Я поспешила за ней, поскользнувшись на мокрых прошлогодних листьях. В домике было темно и холодно. Затхлый запах нежилого помещения смешивался с запахом алкоголя.
— Паша! — закричала мама, обходя две крошечные комнатки. — Сынок!
Его нигде не было. Я заметила следы пребывания — смятое одеяло на старом диване, несколько пустых бутылок, окурки в консервной банке. Жил он тут, по всей видимости, несколько дней.
— Куда же он подевался? — мама растерянно оглядывалась. — Может, в магазин пошёл?
— Магазин в трёх километрах, — напомнила я. — И машины у него нет.
Выйдя на крыльцо, я осмотрелась. И вдруг заметила дым — не из трубы, а из старой бани, что стояла в дальнем углу участка.
Мы бросились через заросший участок. Дверь в баню была прикрыта. Я осторожно потянула её — не заперто.
Павел лежал на полу, свернувшись калачиком. Рядом стояла наполовину пустая бутылка водки, валялись какие-то таблетки. Мое сердце пропустило удар.
— Паша! — я упала на колени рядом с ним. — Паша, очнись!
Он застонал и приоткрыл глаза. Взгляд мутный, несфокусированный.
— Ирка? — прохрипел он. — Ты чего тут?
Мама протиснулась в низкую дверь и бросилась к нему:
— А чего мне будет? — он попытался сесть, но сил не хватило. — Уйдите. Оставьте меня в покое.

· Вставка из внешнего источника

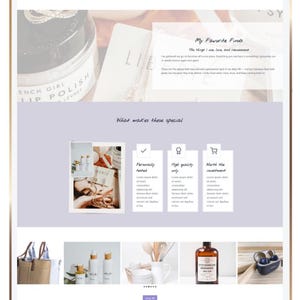 May include: A digital tablet displaying a website interface titled Carolyn. The layout features a header with navigation links, a section titled My Favorite Finds, and a What makes these special area with three columns. Below are product images.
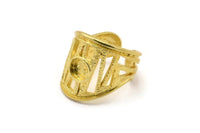 Brass Ring Setting, Raw Brass Duke Ring With 1 Stone Settings - Pad Size 6mm N0621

— Паша, нам нужно вернуться в город, — я говорила спокойно, хотя внутри всё дрожало. — Здесь холодно, ты заболеешь.
— Плевать, — он отвернулся к стене. — Какая разница? Всё равно я — никто. Неудачник. Вор. Пусть лучше всё закончится здесь.
Я увидела, как мама побледнела. А у меня внутри вдруг что-то щёлкнуло.

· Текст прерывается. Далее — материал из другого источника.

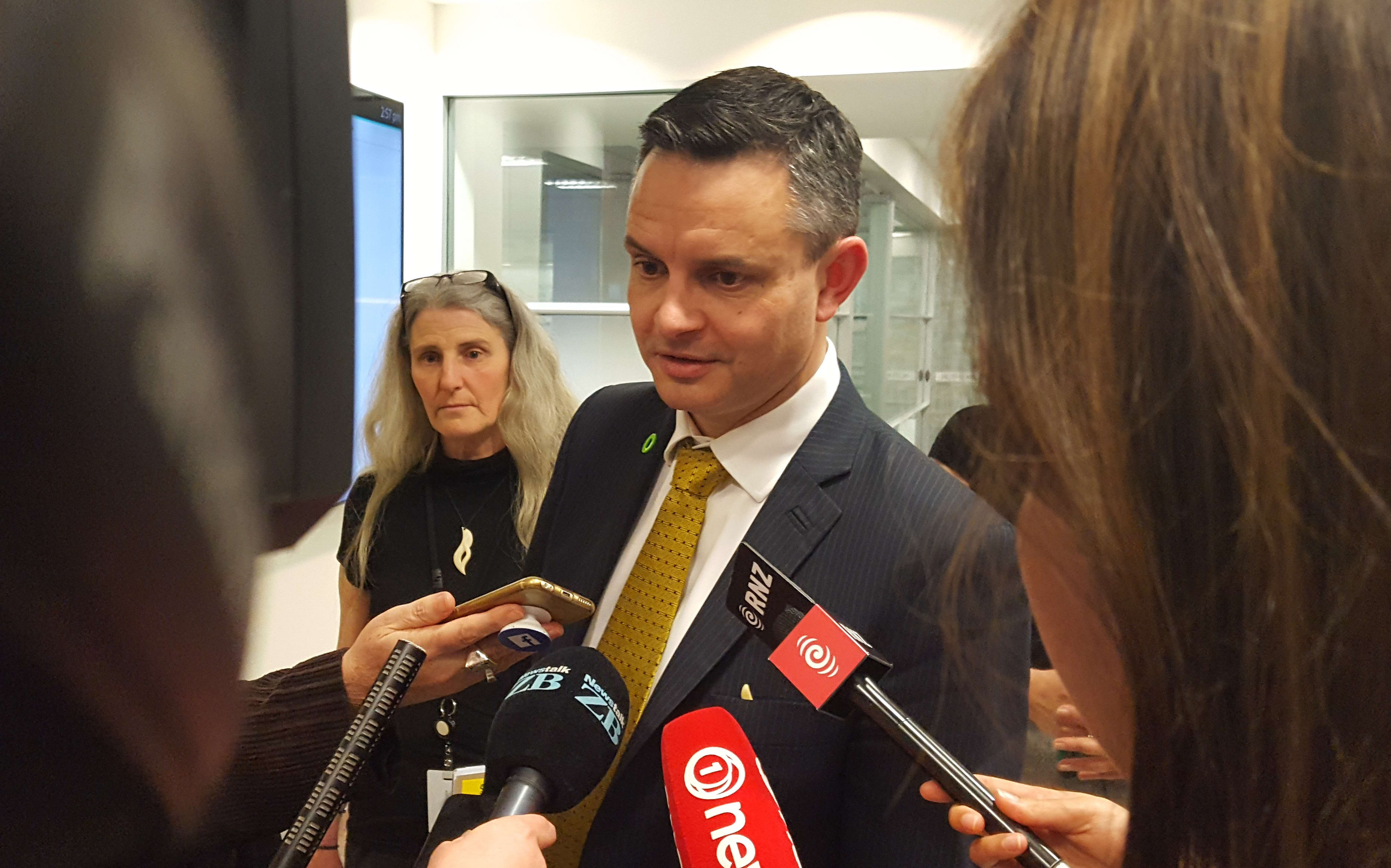 James Shaw talks to media after meeting with Labour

Баня наполнилась молчанием. Тяжёлым, вязким, как предгрозовой воздух. Мама присела в углу на старый ящик и беззвучно плакала. Я смотрела на брата — небритого, с опухшим лицом, в грязной одежде. Жалкого. И родного.
— Уходите, — повторил он, не открывая глаз. — Я вам всем только проблемы создаю.
— Не говори глупостей, — я положила ладонь на его лоб. Горячий. — Нужно в город, тебе врач нужен.
— Никуда я не поеду, — он дёрнул плечом, сбрасывая мою руку. — Особенно с тобой. Ты же заявление написала, да? Брата родного решила посадить.
— Давай без этого драматизма, ладно? Никто тебя не посадит.
— А чего тогда участковый приходил? — пробормотал он. — Как уголовника допрашивал…
Я поднялась и подошла к крошечному окошку. За стеклом — голые ветки яблони, серое небо, осень. Внутри — такая же серость и безнадёжность.
— Паша, — начала я, не оборачиваясь. — Мы можем целую вечность обвинять друг друга. Но это ничего не изменит. Ты забрал мои деньги. Эти деньги были мне нужны.
— Да понял я уже, понял, — застонал он. — Виноват, исправлюсь, только отстаньте все от меня!